Lonceng sekolah tanda pulang berbunyi tiga kali. “Ting… ting… ting…”. Gw waktu itu masih duduk di bangku kelas 3 Madrasah Ibtidaiyah Negeri (MIN) langsung aja ambil tas dari balik kolong meja. Tas sudah di bahu pertanda gw siap take off dari ruang sekolah yang berantakan.
Usai bersalaman sama ibu guru tua yang cantik bingit, eh jangan salah paham dulu dong, ibu guru yang ngajar gw memang bener-bener cantik lho. Tapi waktu dia masih gadis, kalau sekarang lo bisa ngebayang sendiri kan gimana nenek-nenek. Gw bersama tiga teman memilih pulang jalan kaki. Padahal gak ada sepeda, sssttttt.
Seperti biasa, gw menyusuri jalanan aspal untuk pulang menuju rumah yang berjarak sekitar 1 kilometer. Hari itu, cuacanya lumayan cerah dan saking cerahnya lembu saja harus minta maaf gak sanggup berada di jalan. Tapi karena masih kecil, gw gak peduli panas asal sampai ke istana yang berada di ujung desa.

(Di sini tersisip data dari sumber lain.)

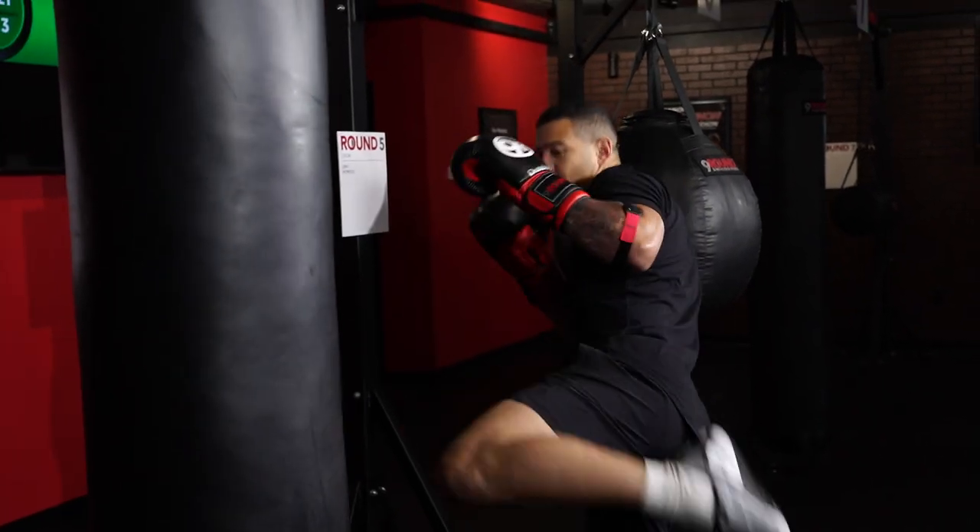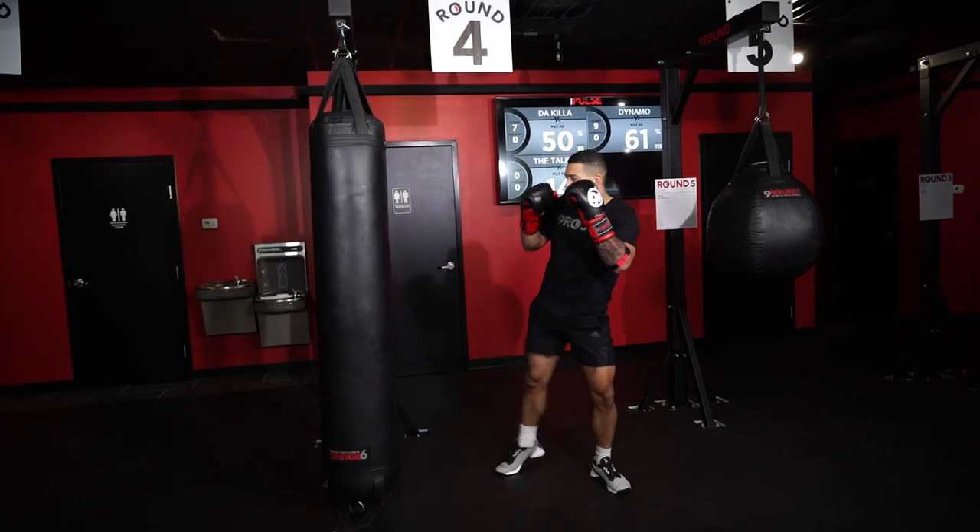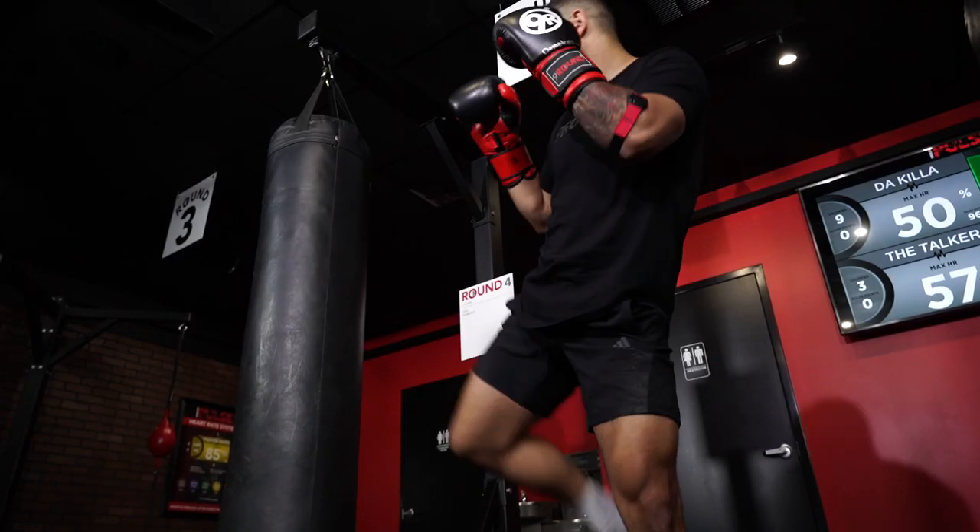What's up 9Round Nation? We're back at round 4 for this week's Childhood Challenge of the week. We got total round kicks. You can knock this out alternating — you can do 5 right, 5 left, 10 and 10.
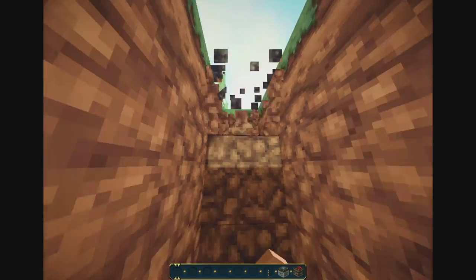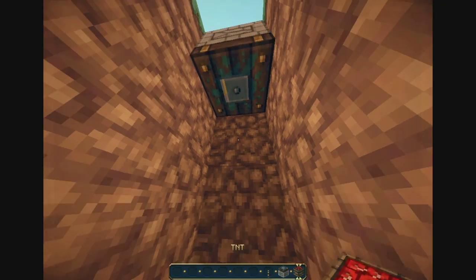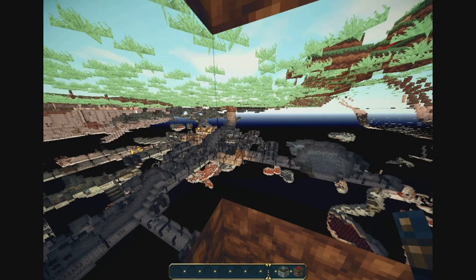You just dig down a few blocks — four is how many — then place a sticky piston there, TNT there, a lever there, and boom, you've already got it. Thanks for watching guys, see you later.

Banyak topik yang gw bahas selama dalam perjalanan mulai dari strategi main mobil mainan dari pelepah rumbia, mandi sungai dicium lintah dan masih banyak lainnya. Karena waktu itu gw masih kecil dan ganteng (sekarang masih tetap ganteng juga kok kalau dilihat dari ujung menara Masjid Raya Baiturrahman), topik pembahasannya ya seputar itu-itu saja lah. Belum gaul.
Setelah 10 menit berjalan di pinggir jalan yang sunyi dari lalu lalang kendaraan, gw tiba di pasar tak jauh dari rumah. Di sana, ada banyak pak tentara mengenakan seragam loreng lengkap dengan senjata, iihhh takut. Mereka sedang berbelanja. Suasana mencekam seperti di film perang Vietnam. Ya elah pake-pake seperti lagi, memang tengah perang hai gam (gam di sini berarti anak laki-laki ya, bukan orang GAM).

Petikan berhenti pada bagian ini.